We found that the independent predictors for improved HRQOL as assessed by SAQ after CTO-PCI were pathological Q waves, collateral grade, and CCS class before PCI. ECG, as an inexpensive, readily available, noninvasive, and easy to use tool compared to other sophisticated, expensive, time consuming imaging modalities, could have an integral role regarding prediction of improvement of HRQOL following reperfusion in single vessel CTO patients.

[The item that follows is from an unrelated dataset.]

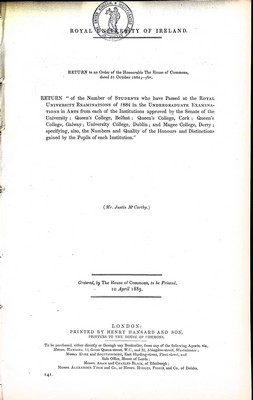 Mr Justin McCarthy - Royal University Of Ireland: Return of the Number of Students who have passed at The Royal University Examinations in i884. -  - KEX0309783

4.1. Limitations of the study

A major limitation of this study was the small number of patients and that it was a single center study. Larger caliber multi-center studies recruiting larger sample sizes are required to consolidate our findings. Another limitation was that we did not conduct a post-PCI (follow up) coronary angiography to assess stent patency. Re-occlusion or instent stenosis, if present, could have affected reperfused territory regional function and quality of life. Another limitation was that we did not perform a follow up LGE-CMR or stress CMR at 6 months after PCI in any of the patients. We rather assessed LV function by non-contrast CMR in the follow up study.

5. Conclusion

Well-developed collateral circulation could independently predict LV functional recovery after CTO-PCI. Patients with Q waves and viable CTO territory tend to have higher CCS class before revascularization and get significant improvement of HRQOL after PCI.